The week after Vladimir Putin decided to send troops into Ukraine, Western newspapers were filled with analysis about the economic sanctions that might be imposed on Russia. After a few days, the sheer number and severity of those sanctions surpassed the expectations of almost every previous analysis—and rightly so, because the speed in implementing them and their scale and implications had little precedent when it came to an economy the size of Russia’s. Despite this surprise, however, new questions arose about the consequences that this new set of sanctions could have, both for the war itself and at the level of the global economy.

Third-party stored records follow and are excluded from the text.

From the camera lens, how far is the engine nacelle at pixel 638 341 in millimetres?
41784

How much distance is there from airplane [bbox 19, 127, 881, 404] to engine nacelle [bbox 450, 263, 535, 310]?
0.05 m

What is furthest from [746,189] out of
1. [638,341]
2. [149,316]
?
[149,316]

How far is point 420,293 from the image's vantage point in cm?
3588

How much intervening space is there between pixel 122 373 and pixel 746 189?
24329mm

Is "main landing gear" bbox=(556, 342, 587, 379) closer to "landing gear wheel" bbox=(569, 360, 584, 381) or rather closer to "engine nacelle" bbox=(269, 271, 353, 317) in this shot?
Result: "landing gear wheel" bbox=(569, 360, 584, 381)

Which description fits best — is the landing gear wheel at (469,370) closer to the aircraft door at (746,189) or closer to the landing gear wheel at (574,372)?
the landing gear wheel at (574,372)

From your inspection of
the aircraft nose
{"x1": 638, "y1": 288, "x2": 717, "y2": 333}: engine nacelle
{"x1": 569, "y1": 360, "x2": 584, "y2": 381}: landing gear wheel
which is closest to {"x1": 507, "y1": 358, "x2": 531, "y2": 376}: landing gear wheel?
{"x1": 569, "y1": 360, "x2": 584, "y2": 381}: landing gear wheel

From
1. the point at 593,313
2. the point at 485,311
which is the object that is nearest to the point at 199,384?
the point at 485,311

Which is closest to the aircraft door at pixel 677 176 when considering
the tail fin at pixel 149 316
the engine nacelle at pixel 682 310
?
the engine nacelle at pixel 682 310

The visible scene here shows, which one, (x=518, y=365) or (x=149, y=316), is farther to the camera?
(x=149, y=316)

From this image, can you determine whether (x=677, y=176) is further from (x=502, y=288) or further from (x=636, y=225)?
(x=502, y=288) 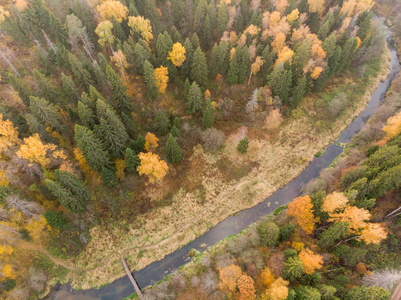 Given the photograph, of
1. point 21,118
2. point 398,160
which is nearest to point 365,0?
point 398,160

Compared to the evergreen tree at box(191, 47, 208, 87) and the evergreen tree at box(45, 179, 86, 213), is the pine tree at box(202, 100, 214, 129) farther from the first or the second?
the evergreen tree at box(45, 179, 86, 213)

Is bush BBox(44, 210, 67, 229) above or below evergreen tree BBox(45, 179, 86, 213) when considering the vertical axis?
below

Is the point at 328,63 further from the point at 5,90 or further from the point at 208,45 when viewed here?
the point at 5,90

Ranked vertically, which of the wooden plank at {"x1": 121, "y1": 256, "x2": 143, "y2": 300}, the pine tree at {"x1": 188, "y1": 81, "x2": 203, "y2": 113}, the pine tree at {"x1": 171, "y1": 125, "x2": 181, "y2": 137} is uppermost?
the pine tree at {"x1": 188, "y1": 81, "x2": 203, "y2": 113}

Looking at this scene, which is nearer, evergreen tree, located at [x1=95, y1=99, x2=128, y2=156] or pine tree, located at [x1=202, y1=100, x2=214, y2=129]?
evergreen tree, located at [x1=95, y1=99, x2=128, y2=156]

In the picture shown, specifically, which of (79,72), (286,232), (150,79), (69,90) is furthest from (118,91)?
(286,232)

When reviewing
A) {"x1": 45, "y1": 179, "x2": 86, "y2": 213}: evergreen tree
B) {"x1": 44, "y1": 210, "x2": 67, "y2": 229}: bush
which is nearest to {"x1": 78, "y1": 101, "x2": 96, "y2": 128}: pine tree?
{"x1": 45, "y1": 179, "x2": 86, "y2": 213}: evergreen tree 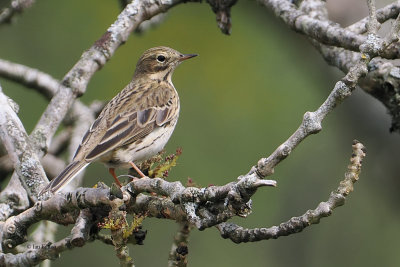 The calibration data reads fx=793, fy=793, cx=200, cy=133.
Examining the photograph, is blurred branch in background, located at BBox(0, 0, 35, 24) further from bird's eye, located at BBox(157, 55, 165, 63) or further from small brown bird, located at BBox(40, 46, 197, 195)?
bird's eye, located at BBox(157, 55, 165, 63)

Nicholas Mulder, a professor of modern European history at Cornell University, is the author of The Economic Weapon: The Rise of Sanctions as a Tool of Modern War, which provides a deep and nuanced understanding of the emergence of sanctions in the years after World War I, tracing their evolution and impact throughout the interwar period, World War II, and the formation of the United Nations. But Mulder was not just looking at history to explain the role of sanctions in the 21st century. As he states in this interview, we should not extrapolate lessons from the past without being careful to recognize how the global context has changed. This means that although the history of sanctions illuminates what we are seeing in response to the Russian invasion of Ukraine, we should not assume that history repeats itself. The current global economy looks quite different from the interwar period, and therefore sanctions perform a different role.

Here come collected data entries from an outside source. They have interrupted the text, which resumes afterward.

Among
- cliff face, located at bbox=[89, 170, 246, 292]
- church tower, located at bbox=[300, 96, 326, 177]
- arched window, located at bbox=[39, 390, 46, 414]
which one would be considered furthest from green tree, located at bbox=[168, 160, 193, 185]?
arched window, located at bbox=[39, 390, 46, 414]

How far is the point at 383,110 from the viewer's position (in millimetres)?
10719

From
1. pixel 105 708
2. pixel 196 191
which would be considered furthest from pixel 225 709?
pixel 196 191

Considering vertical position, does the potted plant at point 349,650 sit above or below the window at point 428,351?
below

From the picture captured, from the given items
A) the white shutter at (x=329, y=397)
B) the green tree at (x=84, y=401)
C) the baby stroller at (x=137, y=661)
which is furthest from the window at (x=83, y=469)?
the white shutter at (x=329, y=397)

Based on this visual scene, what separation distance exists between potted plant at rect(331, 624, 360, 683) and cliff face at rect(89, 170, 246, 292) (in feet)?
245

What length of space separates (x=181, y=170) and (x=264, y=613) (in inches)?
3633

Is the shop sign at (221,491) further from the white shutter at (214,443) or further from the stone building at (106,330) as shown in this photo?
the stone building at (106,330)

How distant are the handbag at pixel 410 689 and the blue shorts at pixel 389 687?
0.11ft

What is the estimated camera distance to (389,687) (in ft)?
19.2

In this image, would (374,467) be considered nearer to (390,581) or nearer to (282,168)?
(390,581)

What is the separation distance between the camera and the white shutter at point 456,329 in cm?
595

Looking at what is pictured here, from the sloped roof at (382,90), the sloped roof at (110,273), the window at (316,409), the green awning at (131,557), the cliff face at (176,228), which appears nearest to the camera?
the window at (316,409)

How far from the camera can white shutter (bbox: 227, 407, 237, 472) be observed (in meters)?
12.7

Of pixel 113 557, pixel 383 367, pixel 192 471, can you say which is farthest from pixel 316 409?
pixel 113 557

I spoke with Mulder about his new book and the likely consequences of the sanctions imposed on Russia. This conversation has been edited for length and clarity.

—Pablo Pryluka

Pablo Pryluka: I would like to start this conversation with a personal question: How did you get interested in the history of sanctions? Why did you find it interesting?

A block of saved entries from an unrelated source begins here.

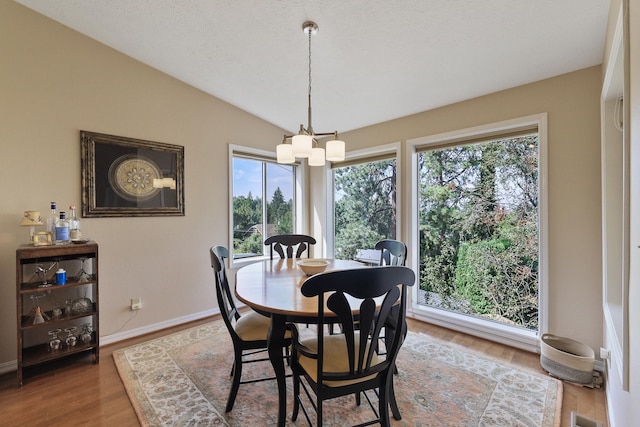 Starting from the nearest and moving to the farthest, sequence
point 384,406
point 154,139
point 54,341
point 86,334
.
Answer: point 384,406
point 54,341
point 86,334
point 154,139

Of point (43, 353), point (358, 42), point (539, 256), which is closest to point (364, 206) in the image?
point (539, 256)

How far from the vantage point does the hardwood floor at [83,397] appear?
1756 millimetres

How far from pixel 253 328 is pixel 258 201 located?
92.6 inches

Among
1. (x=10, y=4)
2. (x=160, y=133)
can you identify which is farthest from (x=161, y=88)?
(x=10, y=4)

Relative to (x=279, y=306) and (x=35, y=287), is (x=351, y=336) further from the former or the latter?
(x=35, y=287)

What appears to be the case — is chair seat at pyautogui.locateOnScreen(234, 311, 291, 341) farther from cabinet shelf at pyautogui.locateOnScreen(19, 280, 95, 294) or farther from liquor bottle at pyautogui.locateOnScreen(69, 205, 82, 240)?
liquor bottle at pyautogui.locateOnScreen(69, 205, 82, 240)

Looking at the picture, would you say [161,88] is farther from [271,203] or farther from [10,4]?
[271,203]

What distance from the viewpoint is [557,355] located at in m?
2.12

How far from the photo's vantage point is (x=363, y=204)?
3.97 meters

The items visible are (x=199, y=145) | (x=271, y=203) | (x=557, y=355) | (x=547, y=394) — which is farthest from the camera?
(x=271, y=203)

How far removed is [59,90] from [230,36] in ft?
5.27

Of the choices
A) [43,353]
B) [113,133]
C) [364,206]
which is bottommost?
[43,353]

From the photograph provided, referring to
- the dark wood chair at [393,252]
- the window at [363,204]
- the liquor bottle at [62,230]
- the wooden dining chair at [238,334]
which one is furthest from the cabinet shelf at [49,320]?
the window at [363,204]

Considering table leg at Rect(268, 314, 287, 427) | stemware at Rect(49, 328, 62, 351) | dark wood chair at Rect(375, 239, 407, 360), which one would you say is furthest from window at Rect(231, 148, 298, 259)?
table leg at Rect(268, 314, 287, 427) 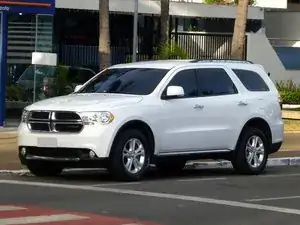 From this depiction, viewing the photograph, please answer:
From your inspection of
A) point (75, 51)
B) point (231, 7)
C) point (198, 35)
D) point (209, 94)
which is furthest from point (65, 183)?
point (231, 7)

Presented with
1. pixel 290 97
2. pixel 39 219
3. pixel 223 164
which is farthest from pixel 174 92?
pixel 290 97

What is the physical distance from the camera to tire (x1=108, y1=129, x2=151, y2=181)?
13.6 meters

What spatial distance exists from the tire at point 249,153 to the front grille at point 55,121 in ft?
11.1

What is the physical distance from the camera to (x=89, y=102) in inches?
542

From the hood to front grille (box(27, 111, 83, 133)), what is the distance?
94 mm

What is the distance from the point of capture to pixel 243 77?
16.1m

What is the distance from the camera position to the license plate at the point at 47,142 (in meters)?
13.7

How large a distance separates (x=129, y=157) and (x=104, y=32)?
10.8m

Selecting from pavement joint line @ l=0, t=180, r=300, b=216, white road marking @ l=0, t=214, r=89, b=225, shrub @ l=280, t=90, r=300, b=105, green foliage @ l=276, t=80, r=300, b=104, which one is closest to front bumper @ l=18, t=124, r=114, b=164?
pavement joint line @ l=0, t=180, r=300, b=216

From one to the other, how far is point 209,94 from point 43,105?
2970 millimetres

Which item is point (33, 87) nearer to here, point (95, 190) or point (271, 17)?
point (95, 190)

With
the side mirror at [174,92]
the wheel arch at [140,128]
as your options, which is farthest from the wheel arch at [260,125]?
the wheel arch at [140,128]

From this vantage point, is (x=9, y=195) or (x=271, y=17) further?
(x=271, y=17)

Nicholas Mulder: When I arrived in graduate school, I had a plan to work on a different kind of project, which was an intellectual history of the idea of the war economy, the war economy as an experience in the 20th century, and all sorts of interesting links with the welfare state and ideas of planning developmentalism. But when I started at Columbia, there was a big new wave of interest in the history of internationalism, and particularly the League of Nations in the interwar period. So I found myself at the center of that. And this is really a project that, at a purely historiographical level, started with a topic that I wanted to read more about, but could not find a book about it. But I’ve always been interested in policy, and also in my own personal background, between college and graduate school, I sort of dabbled around in that world a bit, with some work experience. I was interested in the issues confronting policy-makers, but in a very multifaceted sense. So not in a classical, elite-only way, but actually thinking a little bit about how certain things in the world even come to be seen as a problem—and, conversely, how certain things emerge as an instrument. And I couldn’t really find any good explanation for why sanctions had begun to be so important in the 20th century: When did this way of thinking about the world as a set of flows that you can interdict and use as a weapon begin?